- [Task instructions] Begin at the line with "Splendid Colorblock Rugby Henley Top" and output every line through the end of the records, exactly as given. Omit pictures.

Short text fragments from websites
+++

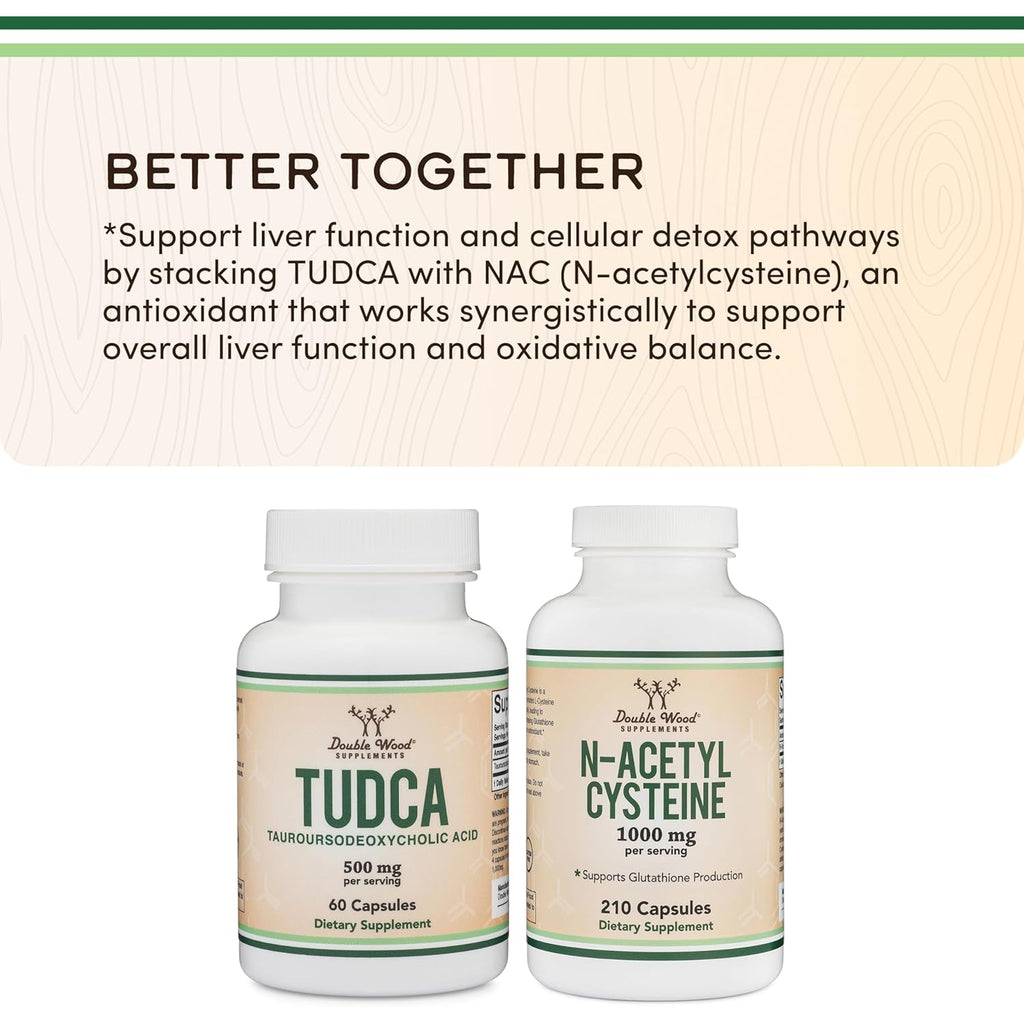 TUDCA Bile Salts Liver Support Supplement, 500Mg Servings, Liver and Gallbladder Cleanse Supplement (60 Capsules, 250Mg) Genuine Bile Acid TUDCA with Strong Bitter Taste by Double Wood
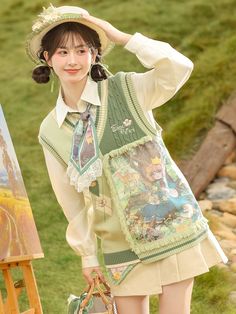 The price is for a vest only, others are not included.  Garment Size   	 		 			Size 			S 			M 			L 			XL 		 		 			Full Length 			62 			64 			66 			68 		 		 			Bust 			102 			105 			108 			111 		 		 			Hem Circumference 			94 			97 			100 			103 Casual Patchwork Sleeveless Sweater Vest, Green Sleeveless Patchwork Vest, Green Sleeveless Vest With Patchwork, Green Patchwork Vest For Spring, Spring Green Patchwork Vest, Asymmetrical Vest, Coat Set, Knitwear Sweater, Animals Pattern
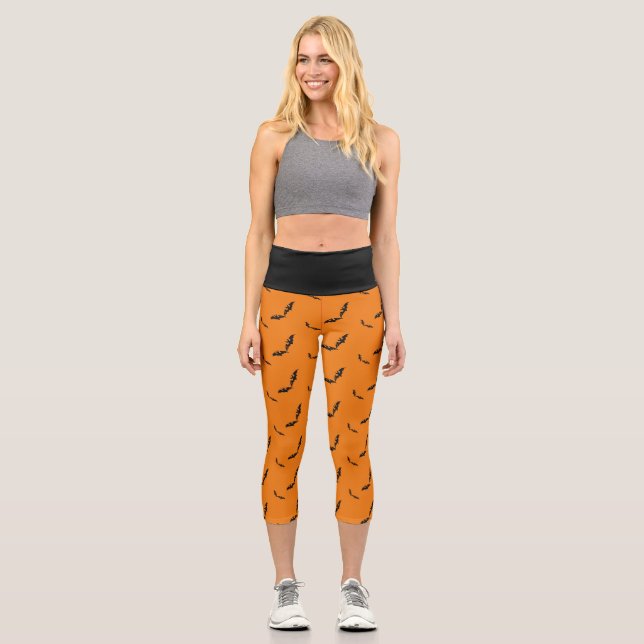 Naranja Halloween/bat Capri Leggings (Anverso)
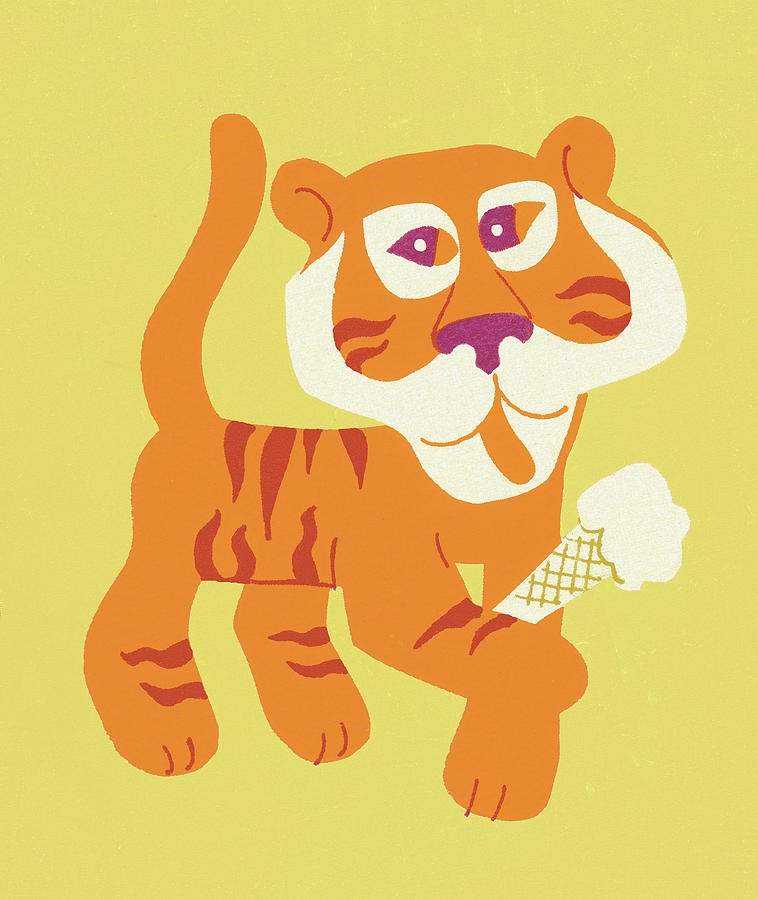 Ice Cream Drawing - Tiger With Ice Cream Cone by CSA Images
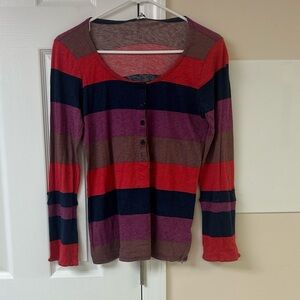 Splendid Colorblock Rugby Henley Top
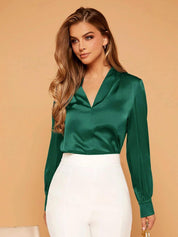 KOTTY BIZwear Green V-Neck Cuffed Sleeves Satin Top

+++

- [Response to the exercise]
 Splendid Colorblock Rugby Henley Top
 KOTTY BIZwear Green V-Neck Cuffed Sleeves Satin Top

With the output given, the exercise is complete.